#### WHAT TO DO:
Only the pictures stay out; please return all the entries below exactly as written.

(Short descriptive text snippets)
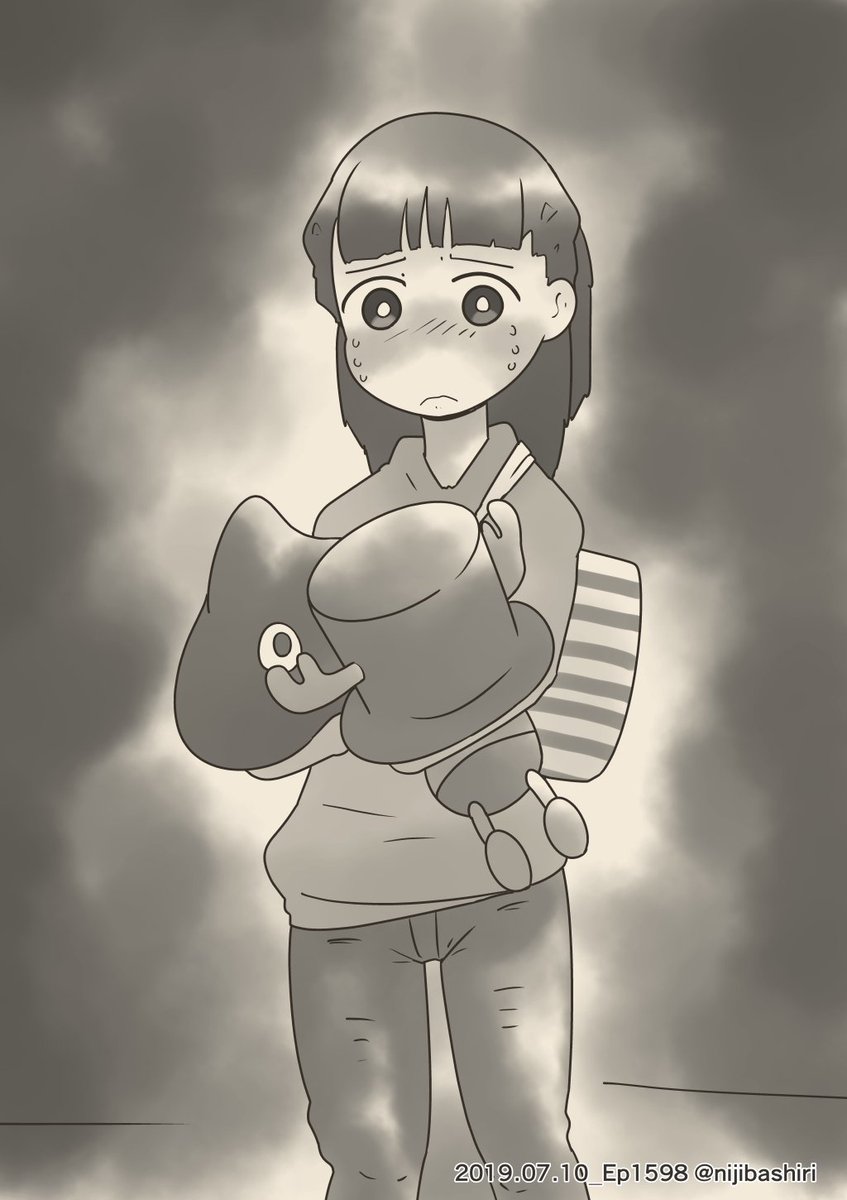 (3/3) こちらの漫画は以前描いていた「ボクと壊された初恋」に収録しているお話です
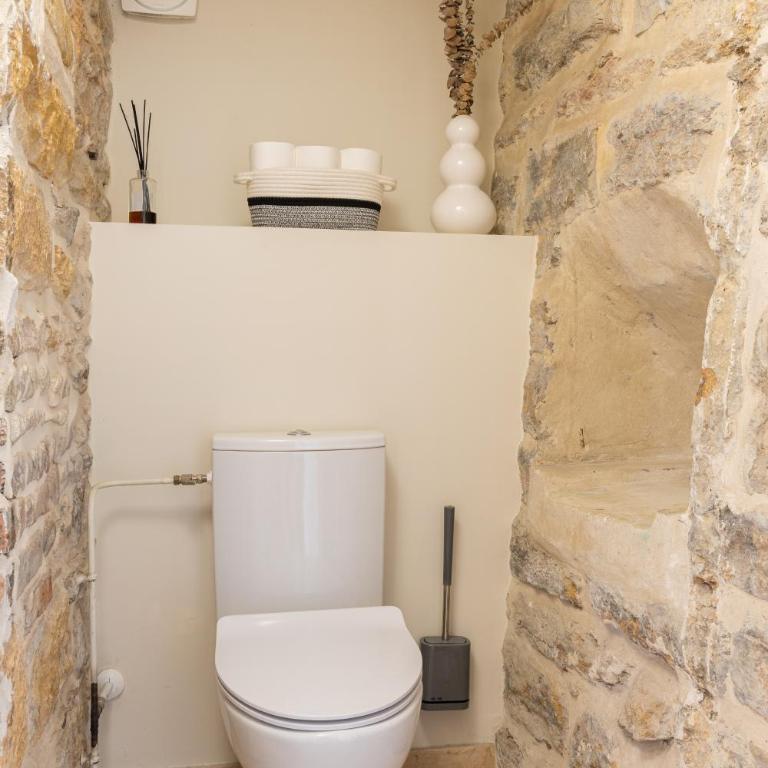 Like Home Gourguillon Vieux-Lyon - Apartamento de 3 dormitorios - 21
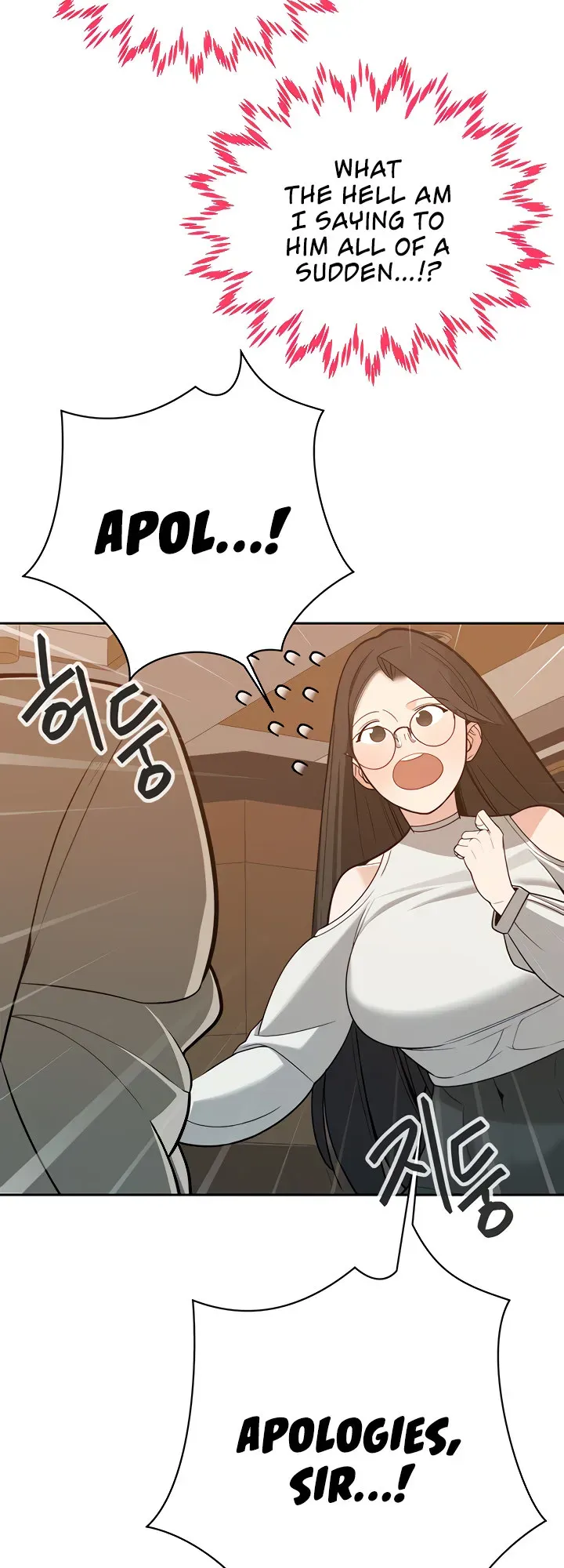 Read Dirty Rich Secrets chapter 27 image 19 on Lezhin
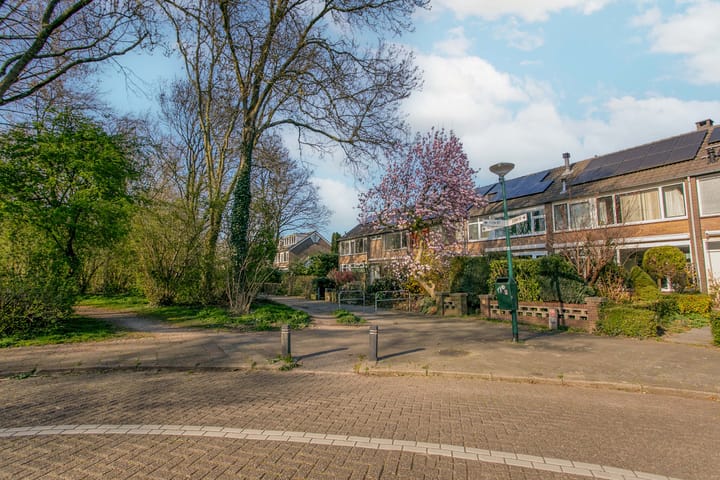 Foto 2 van Dr Holwerdastraat 14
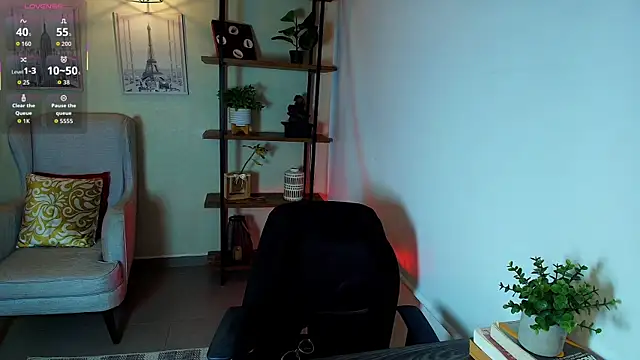  Victoria Collins online show from February 27, 2026, 11:54 am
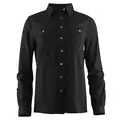 Skjorte til dame Aclima Reborn Woolshirt W 276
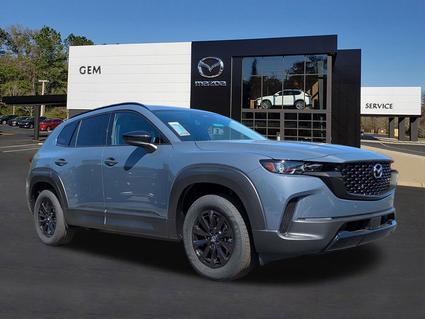 2026 Mazda CX-50 Hybrid Tallahassee FL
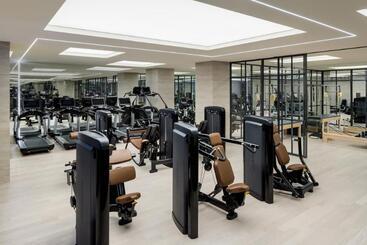 هتل Andaz Seoul Gangnam, By Hyatt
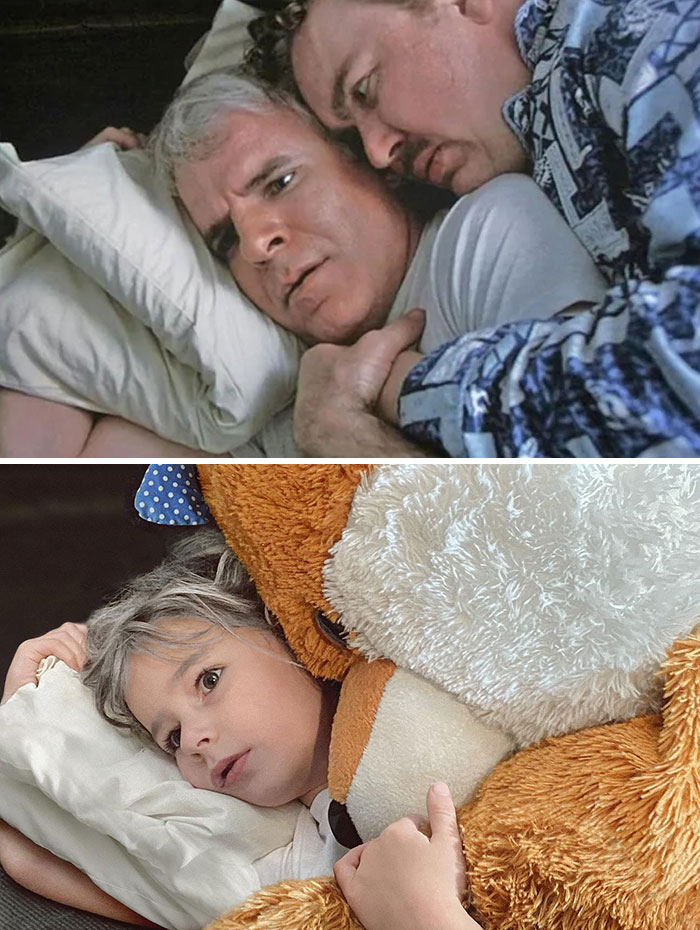 Planes, Trains And Automobiles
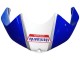 Carenados Moto Yamaha YZF 600 R6 2006-2007 - Blanco Azul Negro Fimer Volvo Yamalube Sterilgarda Baratos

#### COMPLETED TASK:
 (3/3) こちらの漫画は以前描いていた「ボクと壊された初恋」に収録しているお話です
 Like Home Gourguillon Vieux-Lyon - Apartamento de 3 dormitorios - 21
 Read Dirty Rich Secrets chapter 27 image 19 on Lezhin
 Foto 2 van Dr Holwerdastraat 14
  Victoria Collins online show from February 27, 2026, 11:54 am
 Skjorte til dame Aclima Reborn Woolshirt W 276
 2026 Mazda CX-50 Hybrid Tallahassee FL
 هتل Andaz Seoul Gangnam, By Hyatt
 Planes, Trains And Automobiles
 Carenados Moto Yamaha YZF 600 R6 2006-2007 - Blanco Azul Negro Fimer Volvo Yamalube Sterilgarda Baratos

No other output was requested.